Dennis Shaul, CEO of the Community Financial Services Association of America (CFSA), today released the following statement regarding today’s release of the CFPB’s final rule on small-dollar lending:
“This federal small-dollar lending rule is a tremendous blow to the more than one million Americans who spoke out against it during last year’s comment period. Millions of American consumers use small-dollar loans to manage budget shortfalls or unexpected expenses. The CFPB’s misguided rule will only serve to cut off their access to vital credit when they need it the most. The rule is not only misguided, it’s hideously complex for loans of a few hundred dollars. The final rule is nearly 1,700 pages – more than 300 pages longer than the proposed rule.
There was an unprecedented outcry against this rule during the comment period – setting a record for a CFPB rulemaking and marking one of the largest of any federal agency. Yet, from the start, the CFPB’s small-dollar loan rule was crafted pursuant to a pre-determined ideological agenda that relied on biased data, anecdotes, and closed-door dealings with so-called consumer groups that have long sought to eliminate small-dollar lending.

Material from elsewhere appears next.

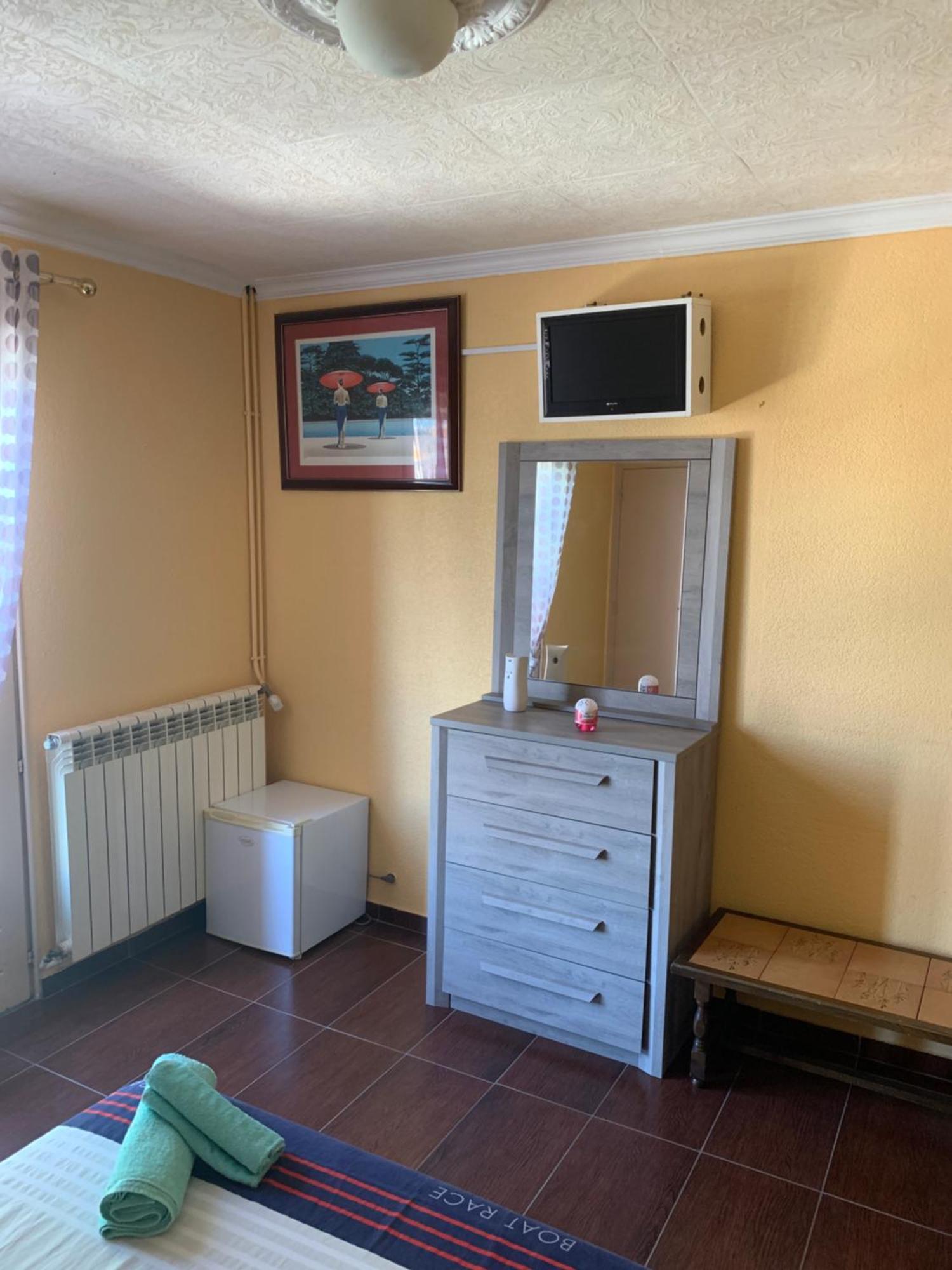Hotel A Agde La Galiote Ngoại thất bức ảnh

The flawed rulemaking process raises serious questions that demand answers. Throughout the rulemaking process – even during the comment period itself – the Bureau ignored the input of small-dollar loan customers, industry, and numerous other experts as it rushed to finalize the rule. While it was clear that the Bureau was on an ideological campaign against payday from day one, the full scope of the rule has been less clear. At one point it covered all small dollar loans, at another point there were rumors that the rule would be bifurcated and what we have today appears to be some kind of hybrid. The shifting scope of the rule seems to be a function of expediency more than anything else.
The questions about Director Cordray’s intentions and ambitions have created a cloud of suspicion over this rule. In particular, the timing of the rule raises questions about whether it was hastily issued to fit an artificial timetable and all the Director’s recent actions at the Bureau raise questions.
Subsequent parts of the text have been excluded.